A water-dispersed polyurethane dispersion prepared from a polyurethane prepolymer made from a polyol comprising a polyisocyanate and a caprolactone polyol comprising a carboxyl group. According to claim 1, wherein the caprolactone polyol containing the carboxyl group is Formula (I)

(I) Wherein n and m are 1-10 integers and R is a polycaprolactone diol comprising a carboxyl group represented by a C2-C10 linear or branched alkyl comprising a -COOH group. The compound of claim 2, wherein R is Phosphorus Dispersed Polyurethane Dispersion.
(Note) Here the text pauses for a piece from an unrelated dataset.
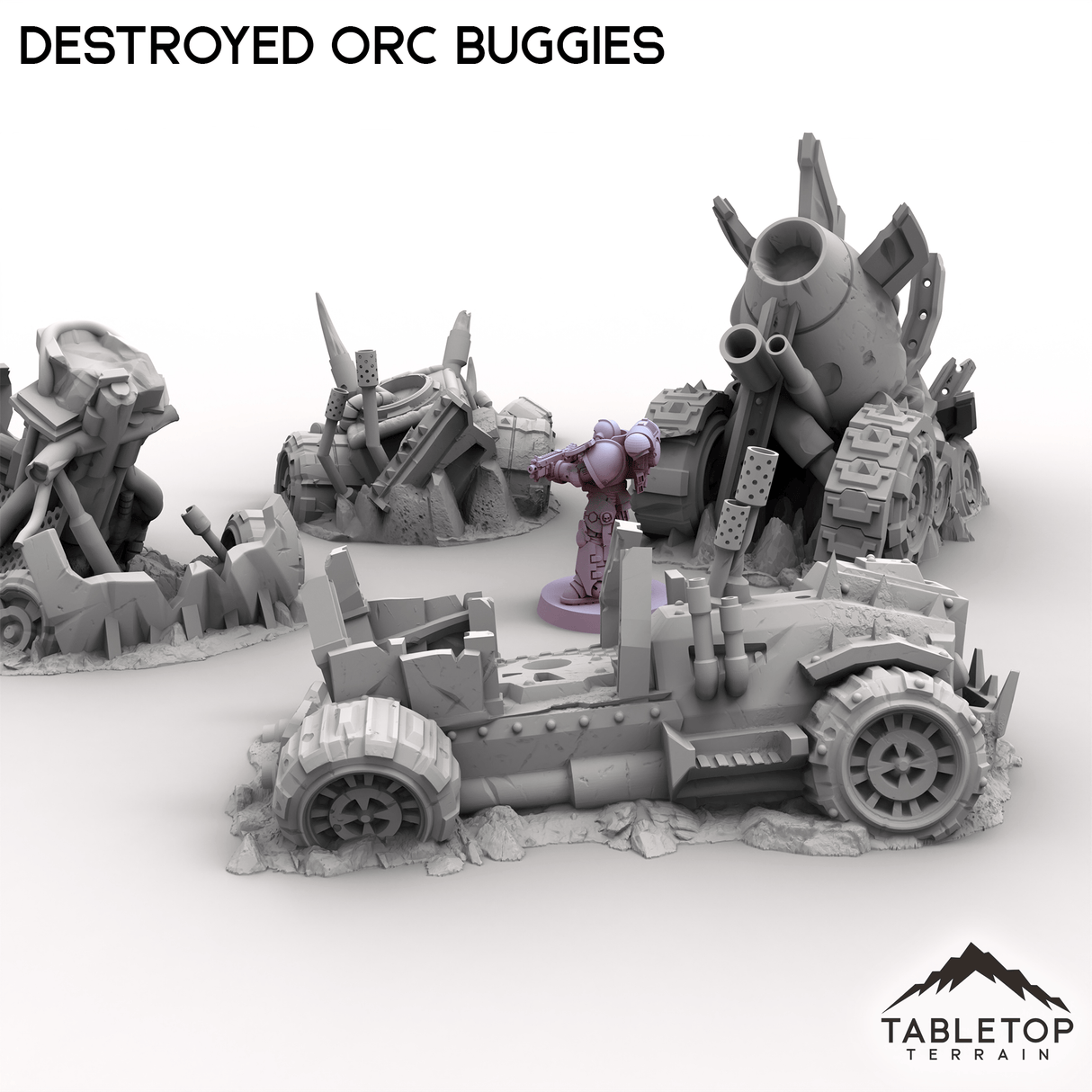 Tabletop Terrain Vehicle Destroyed Orc Buggies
The water dispersion polyurethane dispersion according to claim 1 or 2, wherein the caprolactone polyol comprising the carboxyl group is 20-80% by weight of the total polyol. The water-dispersed polyurethane dispersion according to claim 1 or 2, wherein the NCO equivalent in the prepolymer is present in an excess of about 1-6% relative to the OH equivalent. The water dispersion polyurethane dispersion of Claim 1 or 2 whose Mw molecular weight of the caprolactone polyol containing the said carboxyl group is 500.